In this blog post, I elaborate on setting axis limits in a plot, generated by ggplot2. There are two ways: one where you pretend the data outside the limits doesn’t exist (using lims), and one where you respect that the data outside the limits exists (using coord_cartesian).
The documentation for the lims, xlim and ylim functions state the following about values outside its limits:
This is a shortcut for supplying the
limits
argument to the individual scales. Note that, by default, any values outside the limits will be replaced withNA
.
And this is what the documentation says about coord_cartesian:
Setting limits on the coordinate system will zoom the plot (like you’re looking at it with a magnifying glass), and will not change the underlying data like setting limits on a scale will.
Hadley Wickham, one of the most important figures in the R community, wrote about it in his book:
Here’s an example. First, we create some dummy data, an X and a Y that are closely correlated. We also add some outliers to the data. Lastly, we plot it, without setting any limits on the axes.
library(ggplot2)
library(data.table)
set.seed(10)
normal_data_x <- rnorm(100,3,2)
normal_data_y <- normal_data_x + runif(100,-2,2)
outliers_x <- runif(25,8,10)
outliers_y <- outliers_x ^ runif(25,1,2)
d <- data.table(x = c(normal_data_x,outliers_x),y = c(normal_data_y,outliers_y))
ggplot(d,aes(x = x,y = y)) +
geom_point() +
geom_smooth(method = 'lm')
This is what the data looks like. Two strongly correlated series, when X is smaller than 7. And on the right you can see the outliers. I also added a linear smoother to demonstrate my point later on. What we see:
- All the data is visible, even the outliers.
- This smoother is based on all the data, even the outliers.
We can limit our X and Y axes using the xlim and ylim function as follows.
ggplot(d,aes(x = x,y = y)) +
geom_point() +
geom_smooth(method = 'lm') +
xlim(-2,7) + ylim(-1,12)
We now observe:
- We no longer observe the outliers
- The smoother is based on the data without the outliers.
Finally, we can limit our X and Y axes using the coord_cartesian function.
ggplot(d,aes(x = x,y = y)) +
geom_point() +
geom_smooth(method = 'lm') +
coord_cartesian(xlim=c(-2,7), ylim = c(-1,12))
As you can see, now:
- Once again, we no longer observe our outliers.
- However, we respect that outliers exist and the smoother is based on all the data.
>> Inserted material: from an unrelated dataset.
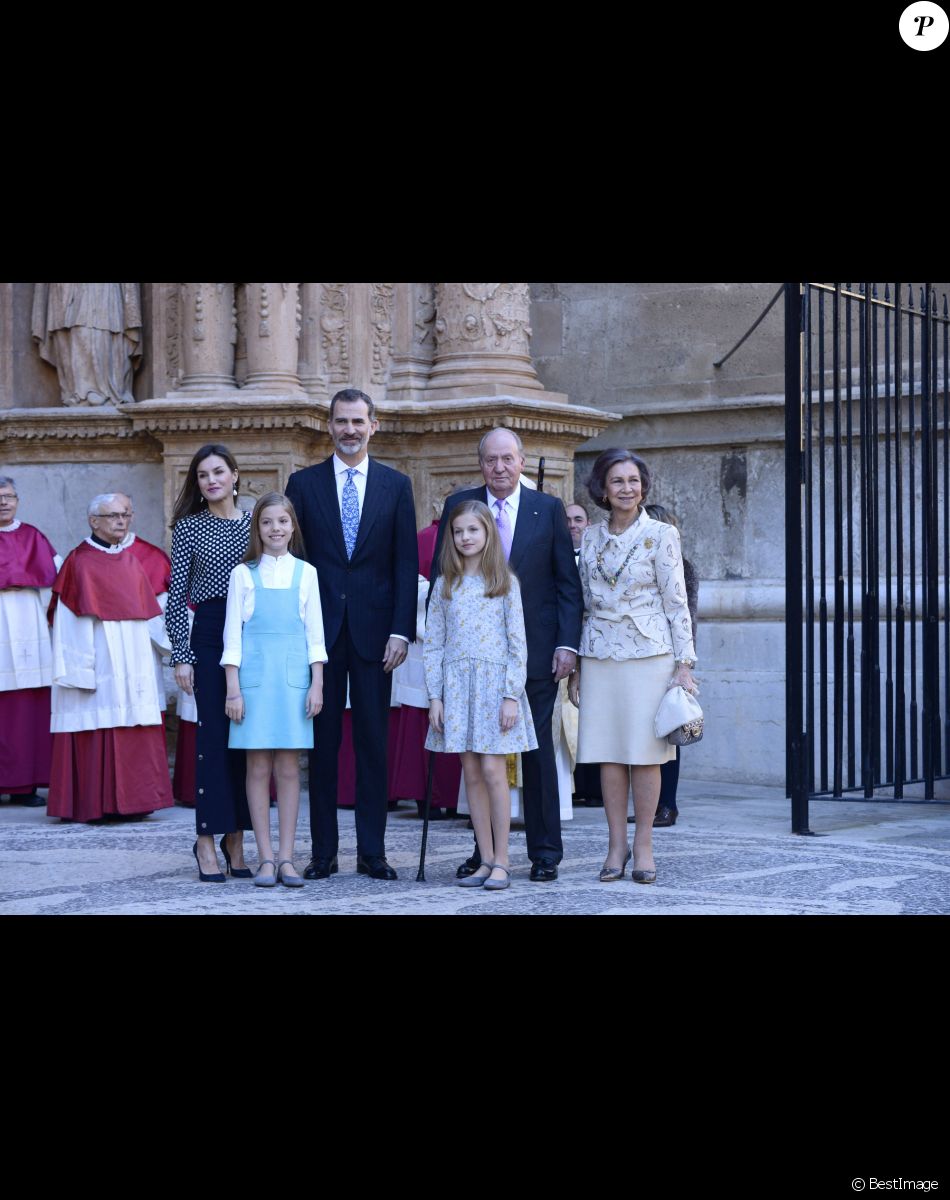 Le roi Juan Carlos Ier, Le roi Felipe VI d'Espagne, La reine Letizia d'Espagne, les princesses Leonor et Sofia de Bourbon et la reine Sofia - La famille royale d'Espagne arrive à l'église pour célèbrer le dimanche de Pâques à Palma de Majorque le 1er avril 2018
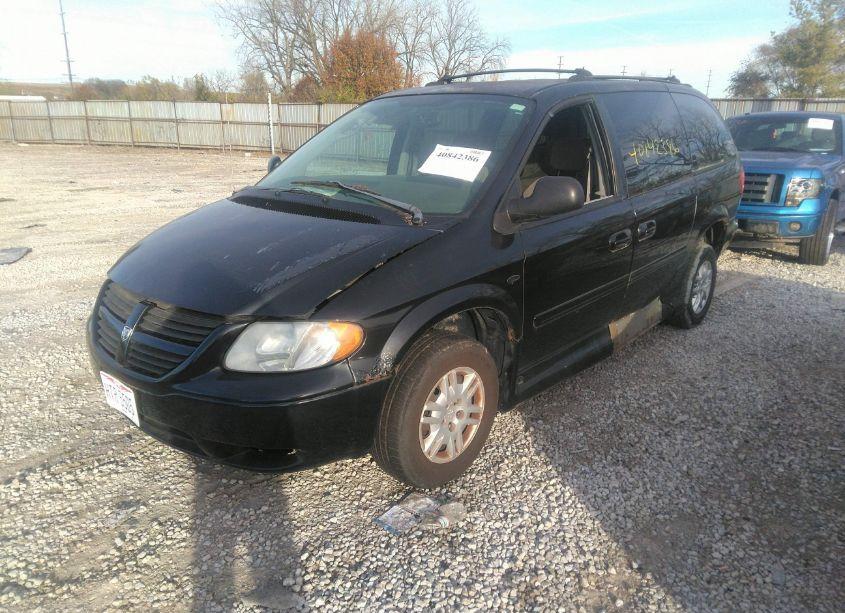Photo 2 of 2005 Dodge Grand CARAVAN SE (VIN 2D4GP24R65R146630)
By the way, if you’re having trouble understanding some of the code and concepts, I can highly recommend “An Introduction to Statistical Learning: with Applications in R”, which is the must-have data science bible. If you simply need an introduction into R, and less into the Data Science part, I can absolutely recommend this book by Richard Cotton. Hope it helps!
Great success!
Your article helped me a lot, is there any more related content? Thanks! https://accounts.binance.com/tr/register-person?ref=FIHEGIZ8
Pingback: https://www.blackhatlinks.com
Your point of view caught my eye and was very interesting. Thanks. I have a question for you.